There were other attempts to do this type of plot in ggplot2, mainly by Gary Collins and an anonymous author as seen on the ggplot2 mailing list. There was also an invaluable blog on Learn-R on plotting a table using geom_text.

I decided to use Gary’s code as my starting point. I wanted to add a log-rank test p-value for stratified KM curves on the plot, and I wanted to code it so that the text in the table remained aligned to the x-axis even when my strata names changed with different data sets. The former was relatively easy, but the latter was challenging (and seemed to be unsolved by Gary, who had posed it as a question). Both were instructive, and took me back a layer to the grid graphics engine (on which both ggplot2 and lattice are based) and the gridExtra package.

The placement of the p-value in the plot is a case of a single character string being placed at a certain point on the graph, which I had done with the text command in base R. However, the geom_text layer seems to be intended for plotting text at all points in the data and not for inserting a single text string. However, I learned of the grid.text function from the grid package, which would enable me to do this for grid-based graphics.

The second part is to plot a table aligned to the x-axis of the plot. The plotting was achieved using Gary’s code using the method outlined on the Learn-R website. The problem was alignment. A few experiments showed that alignment depended on the size of the strata labels used in the plot. I started playing with the plot.margin option in ggplot2 and then figured out that I could maintain the alignment (more or less) if the left margin was computed based on the length of the labels. Some experimentation got me to a reasonable formula for this computation.
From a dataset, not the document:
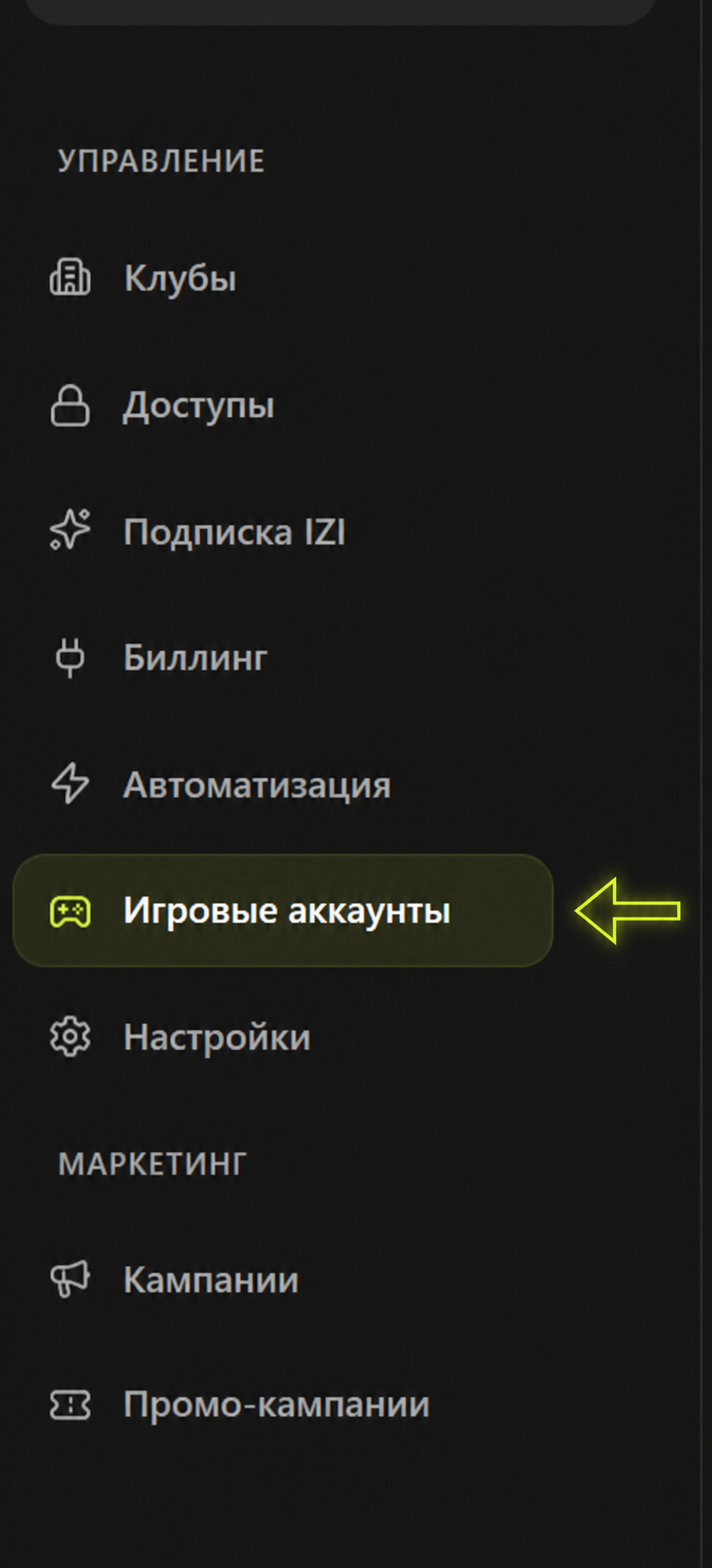Раздел «Игровые аккаунты» в меню CRM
Now I had to put the 3 parts together. Both the plot and the table were ggplot objects, so I knew I could stitch them together with grid.arrange from the gridExtra package. However, the p-value was being written using a separate grid.text command. I had to learn more about grid. I decided to use basic grid commands to convert the KM plot to a grid object using ggplotGrob and add the p-value text string to it using addGrob and textGrob. I could now stitch this together with the plotted table using grid.arrange, using the same layout specs.

However, this still wasn’t ideal since the plots were overlapping a bit. I decided to put a buffer blank image in between. In base graphics, I could achieve this with plot(..., type="n"). In ggplot, I learned about geom_blank() and theme_blank() to create a blank image. This I then put in a thin row between the plot and the table.
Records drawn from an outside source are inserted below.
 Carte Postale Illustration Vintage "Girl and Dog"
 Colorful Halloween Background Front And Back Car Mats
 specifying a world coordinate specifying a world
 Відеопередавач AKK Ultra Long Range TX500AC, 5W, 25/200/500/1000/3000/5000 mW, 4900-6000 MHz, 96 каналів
I incorporated this process into the function ggkm which is given below. An example plot generated by this code:

fit <- survfit(Surv(time,status)~rx, data=colon)
ggkm(fit, timeby=500)

is shown here:

The ggkm function is given below:
Update:The following code is modified thanks to Baptiste Auguie’s comments, which were very helpful. I also make the p-value text optional for the plot, with the default settings omitting the p-values.
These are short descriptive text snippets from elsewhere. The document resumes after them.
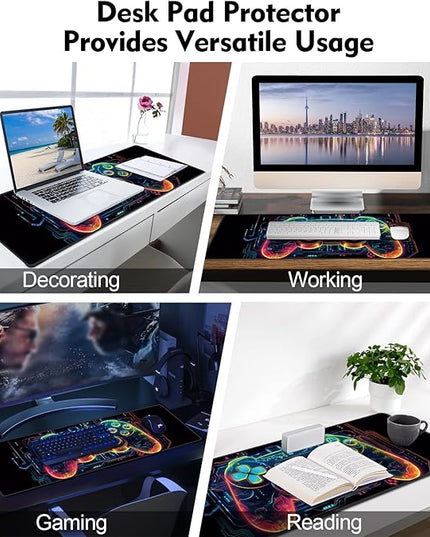 Galdas Gaming Mouse Pad XXL XL Large Long Extended Big Mousepad Non-Slip Rubber Keyboard Mouse Pad with Stitched Edges for Laptop Home Office (31.5x11.8x0.08 Inch) … (Handle)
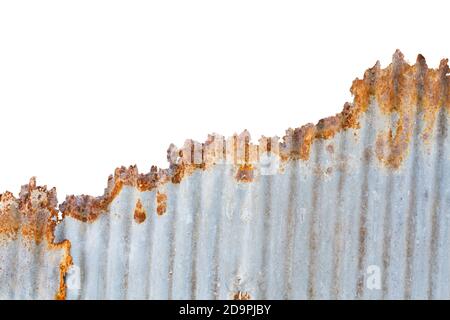 Rusty galvanized iron texture isolated on white background. Stock Photo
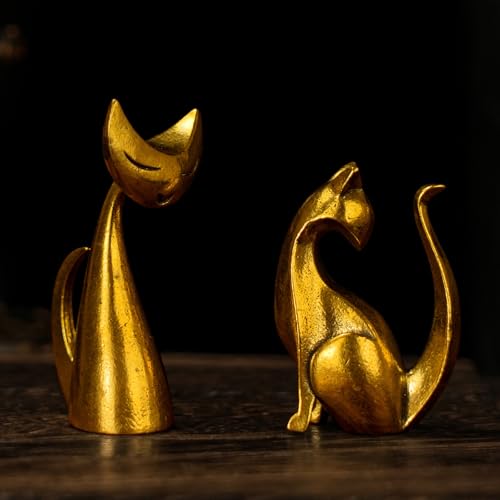 CHOVY 100% Solid Brass Cat Statue - Handmade Retro Desk Decor, Elegant Collectible Figurine for Home Office Shelf, Unique Vintage Gift for Men & Women, Steampunk Sculpture Ornament - color: Art Cat B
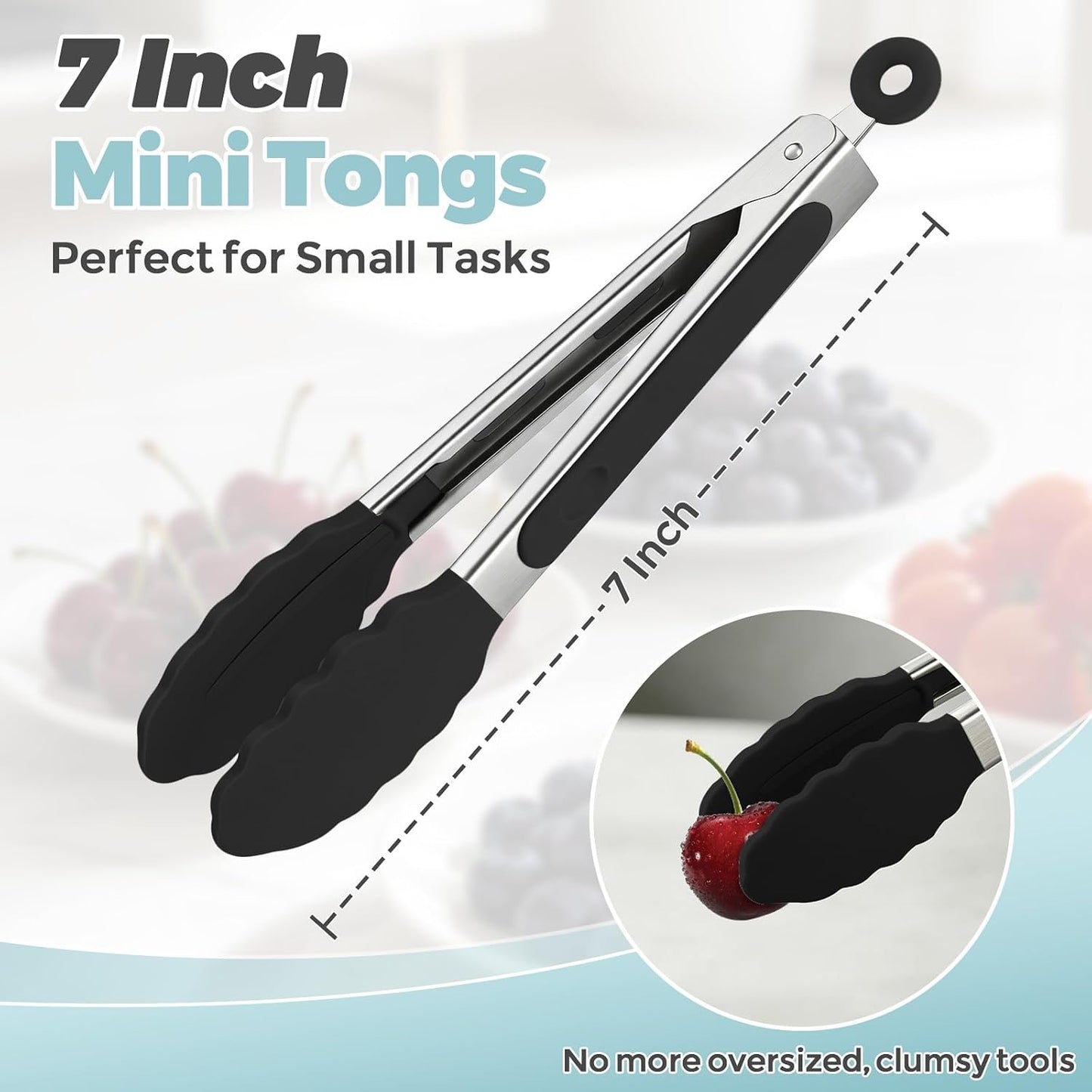 Kitchen Tongs, Stainless Steel Cooking Tongs with Silicone Tips, 600ºF High Heat-Resistant Non Scratch Locking Tongs for Cooking BBQ Grilling Air Fryer Pans, Set of 3 (7" 9" and 12") Black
Update (3/26/2011) I’ve further updated the code based on comments which allow it to work on a naive install (albeit with the required packages), as well as replacing “df” with “dframe” to get around the fact that “df” is a R function.

Update (9/1/2011) Both Gil Thomas and Mark Cowley have made improvements to the code that have made it more stable and universally run-able (is that a word?). The following reflects Mark’s last edits to the code.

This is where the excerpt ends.